In order to support IP_PKTINFO on those packets, we need to call
ipv4_pktinfo_prepare, so introduced minor changes to this
function to support this flow.
When sending mrouted/pimd daemons a cache report IGMP msg, it is
unnecessary to set dst on the newly created skb.
It used to be necessary on older versions until
commit d826eb14ecef ("ipv4: PKTINFO doesnt need dst reference") which
changed the way IP_PKTINFO struct is been retrieved.
Fixes: d826eb14ecef ("ipv4: PKTINFO doesnt need dst reference")
Signed-off-by: Leone Fernando <[email protected]>
---
include/net/ip.h | 10 +++++++++-
net/ipv4/ip_sockglue.c | 25 ++++++++++++++++---------
net/ipv4/ipmr.c | 12 +++++-------
net/ipv4/raw.c | 2 +-
net/ipv4/udp.c | 2 +-
5 files changed, 32 insertions(+), 19 deletions(-)

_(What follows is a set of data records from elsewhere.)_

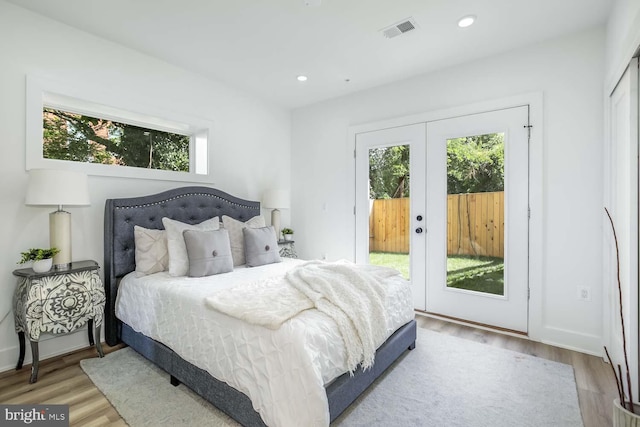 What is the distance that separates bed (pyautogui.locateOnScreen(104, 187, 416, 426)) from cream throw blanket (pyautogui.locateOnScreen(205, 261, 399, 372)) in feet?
0.52

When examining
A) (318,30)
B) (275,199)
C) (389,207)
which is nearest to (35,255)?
(275,199)

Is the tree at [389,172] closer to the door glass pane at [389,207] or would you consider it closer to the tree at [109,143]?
the door glass pane at [389,207]

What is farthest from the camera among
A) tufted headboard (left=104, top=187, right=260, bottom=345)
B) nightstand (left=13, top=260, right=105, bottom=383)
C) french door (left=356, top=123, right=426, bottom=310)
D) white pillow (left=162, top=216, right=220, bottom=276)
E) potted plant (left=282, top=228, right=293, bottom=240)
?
potted plant (left=282, top=228, right=293, bottom=240)

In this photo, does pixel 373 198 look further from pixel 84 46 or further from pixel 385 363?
pixel 84 46

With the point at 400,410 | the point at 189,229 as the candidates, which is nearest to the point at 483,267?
the point at 400,410

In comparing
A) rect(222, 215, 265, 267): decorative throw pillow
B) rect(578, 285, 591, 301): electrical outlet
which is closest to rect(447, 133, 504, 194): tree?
rect(578, 285, 591, 301): electrical outlet

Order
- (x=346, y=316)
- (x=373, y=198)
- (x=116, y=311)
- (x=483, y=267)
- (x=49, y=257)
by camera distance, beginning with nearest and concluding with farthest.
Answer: (x=346, y=316), (x=49, y=257), (x=116, y=311), (x=483, y=267), (x=373, y=198)

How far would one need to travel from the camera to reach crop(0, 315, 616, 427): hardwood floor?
1785mm

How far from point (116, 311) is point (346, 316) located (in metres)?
2.06

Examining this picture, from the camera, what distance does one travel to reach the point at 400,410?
1.83 m

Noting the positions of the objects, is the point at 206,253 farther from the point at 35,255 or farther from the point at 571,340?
the point at 571,340

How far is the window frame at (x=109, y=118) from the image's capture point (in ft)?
7.84

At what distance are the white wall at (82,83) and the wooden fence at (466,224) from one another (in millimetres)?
1951

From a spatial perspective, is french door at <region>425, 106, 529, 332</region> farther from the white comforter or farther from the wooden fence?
the white comforter
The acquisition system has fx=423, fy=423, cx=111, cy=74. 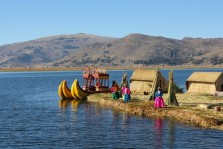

diff --git a/include/net/ip.h b/include/net/ip.h
index b31be912489a..1b40b7386c56 100644
--- a/include/net/ip.h
+++ b/include/net/ip.h
@@ -767,7 +767,15 @@ int ip_options_rcv_srr(struct sk_buff *skb, struct net_device *dev);
* Functions provided by ip_sockglue.c
*/
-void ipv4_pktinfo_prepare(const struct sock *sk, struct sk_buff *skb);
+void ipv4_pktinfo_prepare(const struct sock *sk, struct sk_buff *iskb,
+ struct sk_buff *oskb);
+
+
+static inline void ipv4_pktinfo_input_prepare(const struct sock *sk, struct sk_buff *skb)
+{
+ ipv4_pktinfo_prepare(sk, skb, NULL);
+}
+
void ip_cmsg_recv_offset(struct msghdr *msg, struct sock *sk,
struct sk_buff *skb, int tlen, int offset);
int ip_cmsg_send(struct sock *sk, struct msghdr *msg,
diff --git a/net/ipv4/ip_sockglue.c b/net/ipv4/ip_sockglue.c
index d7d13940774e..fb26963e3869 100644
--- a/net/ipv4/ip_sockglue.c
+++ b/net/ipv4/ip_sockglue.c
@@ -1364,19 +1364,26 @@ int do_ip_setsockopt(struct sock *sk, int level, int optname,
/**
* ipv4_pktinfo_prepare - transfer some info from rtable to skb
* @sk: socket
- * @skb: buffer
+ * @iskb: input buffer
+ * @oskb: out buffer
*
* To support IP_CMSG_PKTINFO option, we store rt_iif and specific
* destination in skb->cb[] before dst drop.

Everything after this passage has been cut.